Loss of Network Connectivity from Single Host

Incident Report for CloudAfrica

Postmortem

Network Stack Failure Affecting Virtual Machine Connectivity from a Single Host

Incident Status: Resolved
Duration: December 1, 2025, 13:15 - 15:40 SAST (UTC+2)
Date: Monday, December 1st, 2025

Impact

Customer virtual machines hosted on a single compute node (pve-127-dc5-r08-vox-teraco-jb1) at our Teraco JB1 East Data Centre facility in Isando, Johannesburg were impacted by a complete network stack failure.

The incident affected less than 1% of all virtual machines across our platform.

All VMs on this host experienced complete loss of network connectivity during this outage.

Timeline

Dec 1, 13:15 SAST - The host's Intel E810 4x25Gbps network interface controller (NIC) began experiencing hardware monitoring read failures. RDMA subsystem reported HMC (Host Memory Cache) errors and initiated a reset request.

Dec 1, 13:15 SAST - IOMMU/DMAR faults occurred as the NIC attempted DMA operations with invalid page table entries. The network bond interface failed as the slave interface (ens1f3np3) went offline, resulting in "bond0: now running without any active interface" and complete loss of VM network connectivity.

Dec 1, 13:16 SAST - The ice network driver attempted automatic recovery but failed to rebuild the VSI (Virtual Station Interface), generating the error "Rebuild failed, unload and reload driver." Continuous hardware monitoring failures indicated the NIC was in an unrecoverable state.

Dec 1, 15:40 SAST - After repeated attempts to restart networking services and multiple reboot cycles, the host was successfully stabilized and network services were fully restored.

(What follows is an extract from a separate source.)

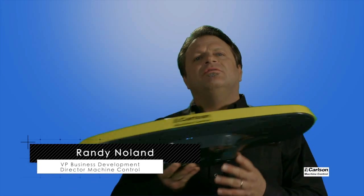I'd like to introduce Carlson's new 3D Machine Control Sensor. It's an all-in-one sensor called the MC-Pro VX5. This unit packs quite a bit of innovation into a single component, and there are lots of advantages to that.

Dec 1, 15:50 SAST - All virtual machines on the affected host successfully restarted and were fully operational with network connectivity restored.

Root Cause

The host experienced a catastrophic failure of its Intel E810 4x25Gbps network interface controller (NIC) running the ice kernel driver. Analysis of system logs indicates the failure sequence began with:

Hardware monitoring subsystem failures - Repeated HW read failures (-5 error code) indicating the NIC firmware or hardware entered an unstable state
RDMA stack collapse - The iWARP RDMA driver (irdma) detected an HMC error and requested a reset
IOMMU/DMAR violations - DMA Read operations failed due to invalid page table entries, suggesting memory management unit corruption
Driver recovery failure - The ice driver's automatic recovery mechanism failed to rebuild the network VSI, leaving the interface in an unrecoverable state

This failure pattern is consistent with known instability issues in Intel E810 NICs when operating with RDMA enabled, particularly related to firmware/driver interaction issues that can cause the network stack to enter an unrecoverable state requiring a full driver reload or system reboot.

Resolution

The immediate issue was ultimately resolved by performing a controlled reboot of the affected host server at 15:40 SAST. All virtual machines were successfully restored to full operation by 15:50 SAST.

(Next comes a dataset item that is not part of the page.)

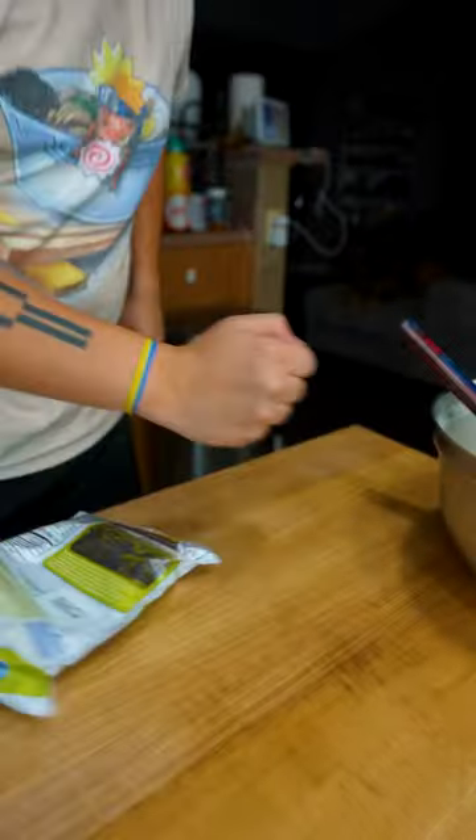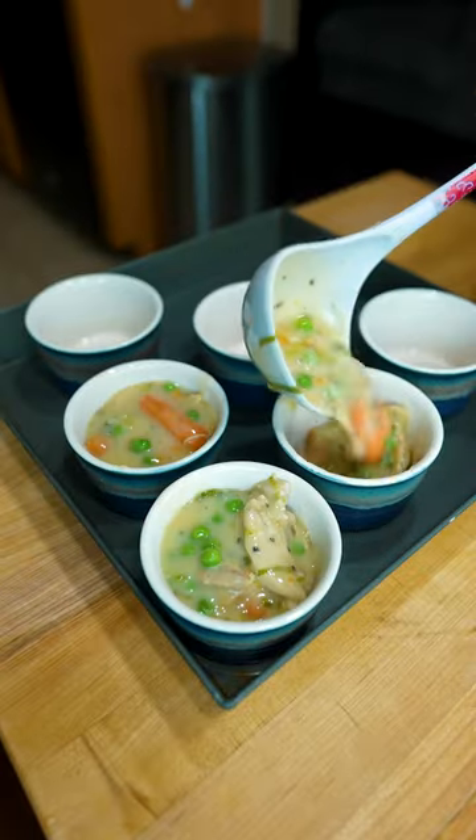Mixed the fillings back in and frozen peas too so I can stay shredded. Put them in a ramekin and added puff pastry on top.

Emergency Preventive Maintenance was performed on December 2nd, 2025, from 23:15 to 00:05 SAST, during which:

Network adapter firmware was updated to the latest stable version for the Intel E810 25Gbps NICs
RDMA functionality was disabled on the host to eliminate the known instability vector
Network bond configuration was verified and tested

Since the emergency maintenance, the host has operated without any network-related issues.

Follow-up Actions

We sincerely apologize to our customers for this network outage and the service disruption it caused.

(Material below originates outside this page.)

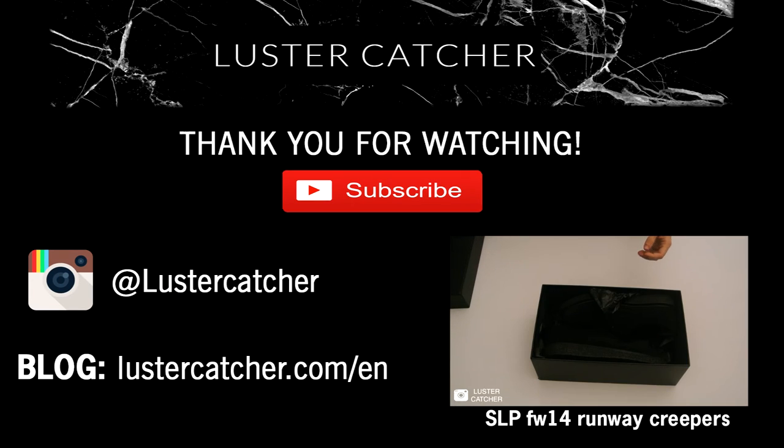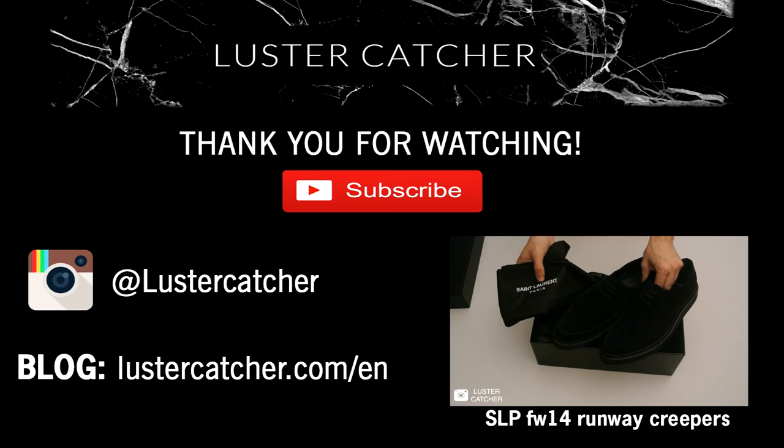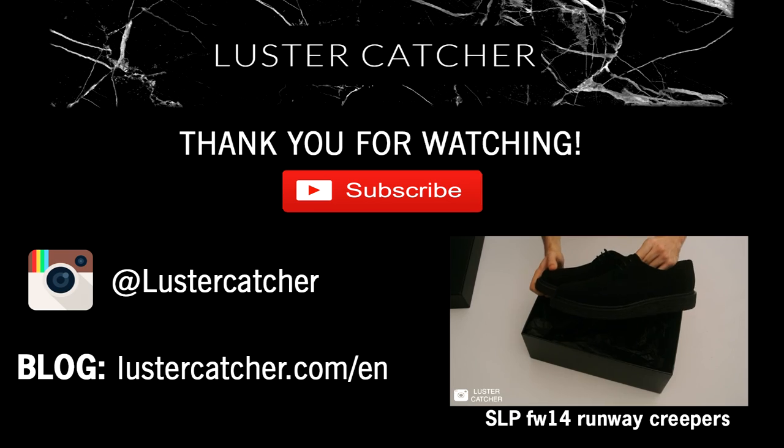Let's open it. Okay, there's some wrapping paper. The shoes, obviously. Saint Laurent black dust bag with the Saint Laurent logo in white on it. It's made of cotton. The shoes are a really sleek figure, even with the crepe sole, which is very thick.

Immediate Actions Completed:

Emergency firmware updates deployed to the affected host's network adapters
RDMA disabled to eliminate the primary failure vector
Enhanced monitoring alerts configured for ice driver errors and IOMMU faults

Ongoing Actions:

Conducting a comprehensive audit of all Intel E810 NICs across our infrastructure to identify hosts requiring firmware updates
Evaluating RDMA configuration across our fleet and implementing risk-based decisions on where RDMA functionality is critical versus optional
Implementing proactive monitoring for ice driver hardware monitoring failures as an early warning indicator
Developing automated recovery procedures for network stack failures to reduce mean time to recovery
Scheduling preventive maintenance windows for firmware updates across remaining hosts with Intel E810 NICs

Long-term Improvements:

Establishing a regular firmware update cadence for critical network infrastructure components
Implementing automated failover testing for bonded network configurations
Enhancing our change management processes to ensure firmware updates are deployed proactively rather than reactively

We remain committed to maintaining the highest levels of service availability and reliability for our infrastructure platform.

Once again, we apologise to affected customers, and thank you for your continued support.

The CloudAfrica Team.

Posted Dec 03, 2025 - 16:35 SAST

Resolved

We have experienced a loss of network connectivity from a single host on the CloudAfrica platform. The host in question is located within our racks at Teraco Isando JB1.

Posted Dec 01, 2025 - 01:30 SAST